日記のようなことはあまり書かないつもり。

 5月19日(水)

 こうして毎日ブログを書いて、寝る前にはノートに日記を書いていると、もうその日のすべてを、毎日続けているということはその日どころか自分という全部を全部書き出してしまっているのではないかと思うときがある。だけど実際そんなことはありえない。まず第一に、すべて書き出すことができるほど単純な日などなく、またそれを千何百文字に要約できるような筆力も持ち合わせていないから。そして第二に(これこそが真実なのだが)、書き出すことにストップがかかる事柄というものがいくつかあるからだ。

 僕は自分で、友だちは多くはない方だと思っている。しかし確かにそうだ、という人もいれば、それを否定してくる人もいる。友だちの定義というものがよくわかっておらず、そもそも明確な定義などは存在しないと思っているわけだが、「多い」といわれればそうかもしれないし、「少ない」といわれればそれもまたほんとうだ。要するに知人というべきか、「互いに顔を知っている程度の人」でいえば多いと思う。

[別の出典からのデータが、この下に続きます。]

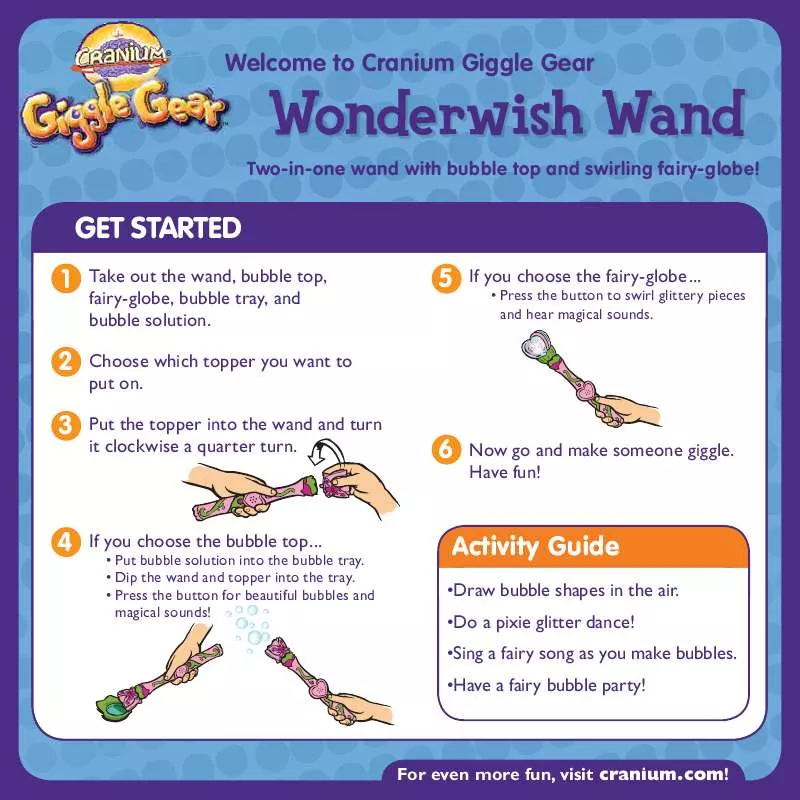 Mode d'emploi HASBRO CRANIUM GIGGLE GEAR WONDERWISH WAND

 数少ない貴重な友だちのなかでも、僕には、すべてを打ち明けられるというような人はいない。これは断言できる。話の流れ上こんなことを話せば、可哀想な人だという目で見られることがたまにある(それは異性の人に多い)が、本人はまったくそうは思っておらず、これまでもこれからもこの調子でよいと考えている。要は、「あの話はこの人に」、「この話はあの人に」というふうに、話すべき相手を分けて考えている。そしてそんな「相手を選ぶ話」とは、個人的にシリアスな話題が多い。たのしい話ならばそんなふうに相手を分けることなどせず、なんなら電波に乗せて広く全世界に向けて話したいと思うくらいだ。シリアスな話題は負荷がかかり、かつ格好のいいものではない。だから、そうやすやすと人に投げかけるわけにはいかないと考えるし、そうやすやすと人に見せたくはないと考えるのだ。それで然るべき相手、というのをどうしても考えてしまう。

 ふと気がついた。「やすやすと投げかけられない、見せたくはない」と思うことは、人に対してのみでなく、自分に対してもそうなのかもしれない、と。考えれば気分が重たくなり、情けない自分と対面しなくてはならなくなる。それがいやだから、そして自分をそんな目に遭わせたくはないから、向き合うべき問題から逃げ続けていることがある。はじめは意識的に、そういう問題をあえて見ないようにしてきた。そうしているうちに次第にそれに慣れてきて、気がつけば無意識にどこにどう立てばそれが見えずに済むかということを考え、過ごすようになっている。そしてある日ふと人に気づかされ、恐る恐る見てみれば問題は変わらずそこにある。放っておいたぶんだけ悪化していることだってままあるわけだ。

 友だちなどにはこれまで通りでかまわない。いや、もうちょっと頼ってくれと勇気を出していってきてくれた人がいるのだ、もう少しくらいは相手を信じて投げかけてもいいかもしれない。そうでないと反対に失礼だ。問題は自分に対してだ。自分のために重要なしかし面倒な問題を隠すことはまちがってもやさしさなどではなくただの甘えだ。受動・能動の関係図があることからしておかしい。心はブログや日記とはちがう。誰にも見られることも見せることもできないものだ。だからせめて、心くらいには本物の不細工な自分を表せていなくてはいけない。